WORK ITEM – Only the lines from the one containing "6 Way LED Blade" through the end of the data are wanted, reproduced exactly and without pictures.

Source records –
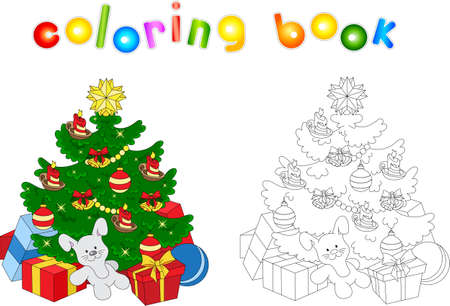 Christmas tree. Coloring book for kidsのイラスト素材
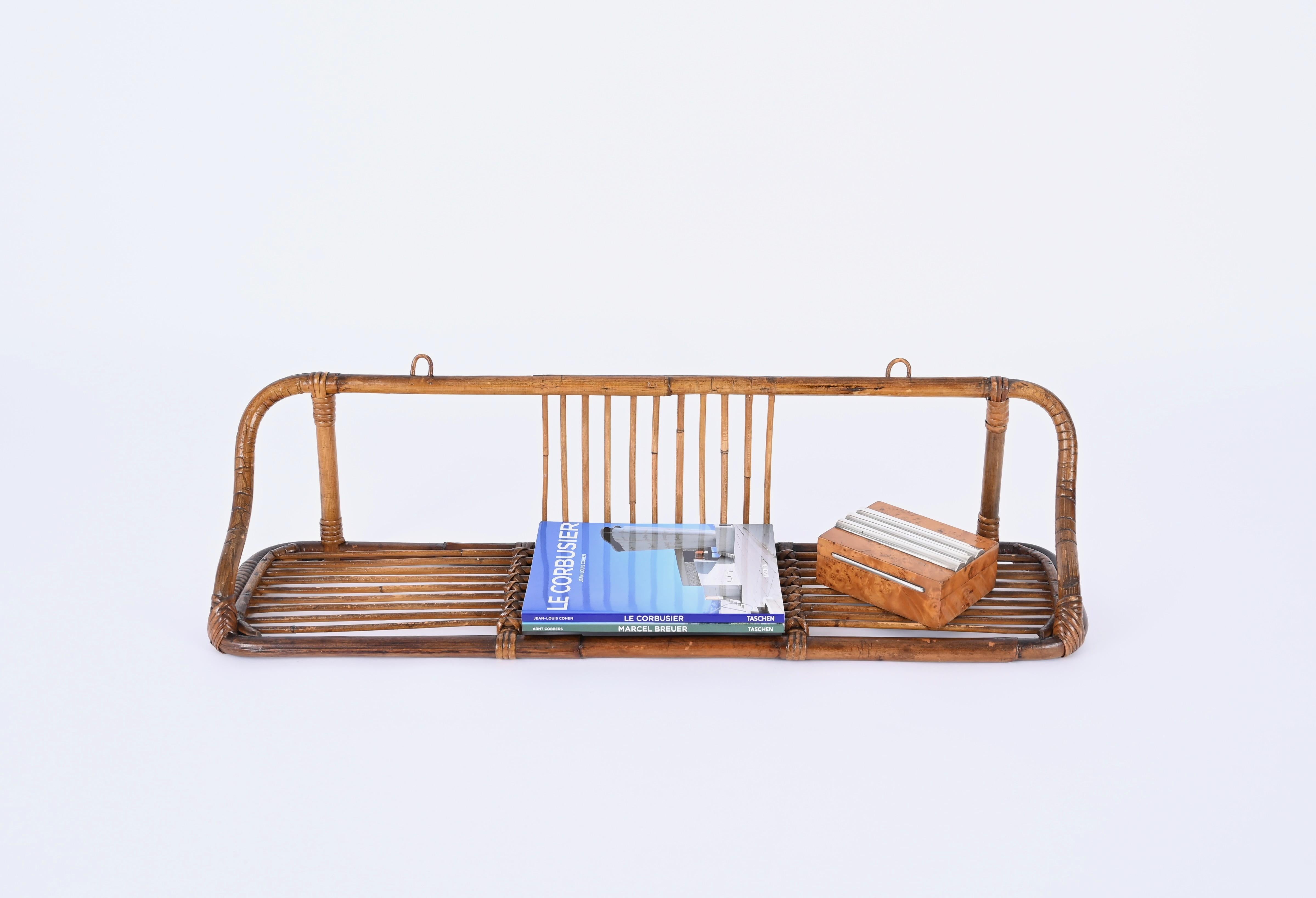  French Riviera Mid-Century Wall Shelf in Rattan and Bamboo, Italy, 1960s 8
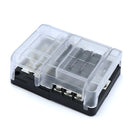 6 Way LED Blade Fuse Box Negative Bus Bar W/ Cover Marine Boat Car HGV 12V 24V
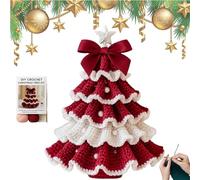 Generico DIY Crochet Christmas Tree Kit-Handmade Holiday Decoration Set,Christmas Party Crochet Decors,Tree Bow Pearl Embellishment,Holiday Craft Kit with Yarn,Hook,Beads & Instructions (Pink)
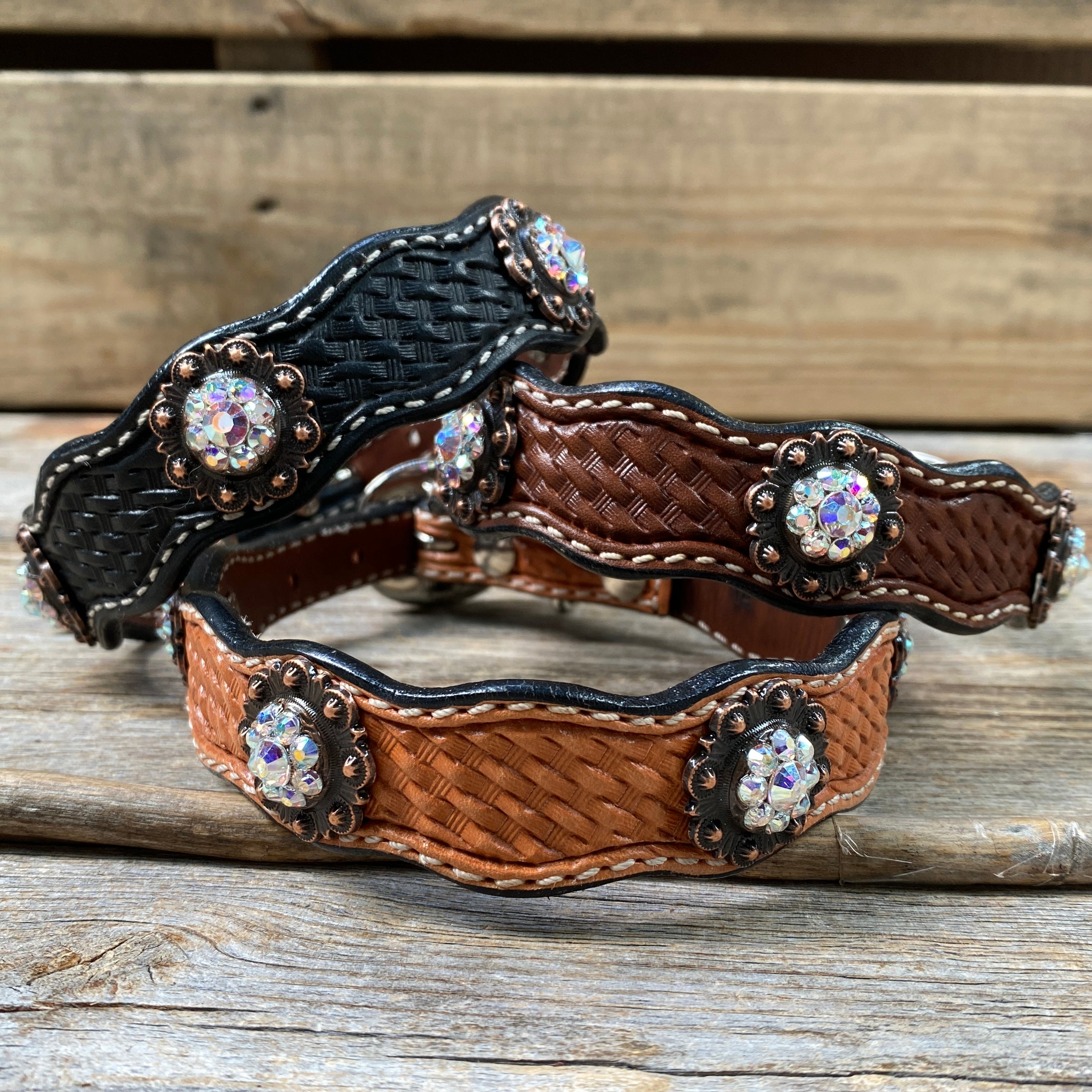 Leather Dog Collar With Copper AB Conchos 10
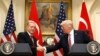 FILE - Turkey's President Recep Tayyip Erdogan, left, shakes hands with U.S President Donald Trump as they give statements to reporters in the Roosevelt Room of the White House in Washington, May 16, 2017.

EXERCISE ANSWER –
 6 Way LED Blade Fuse Box Negative Bus Bar W/ Cover Marine Boat Car HGV 12V 24V
 Generico DIY Crochet Christmas Tree Kit-Handmade Holiday Decoration Set,Christmas Party Crochet Decors,Tree Bow Pearl Embellishment,Holiday Craft Kit with Yarn,Hook,Beads & Instructions (Pink)
 Leather Dog Collar With Copper AB Conchos 10
 FILE - Turkey's President Recep Tayyip Erdogan, left, shakes hands with U.S President Donald Trump as they give statements to reporters in the Roosevelt Room of the White House in Washington, May 16, 2017.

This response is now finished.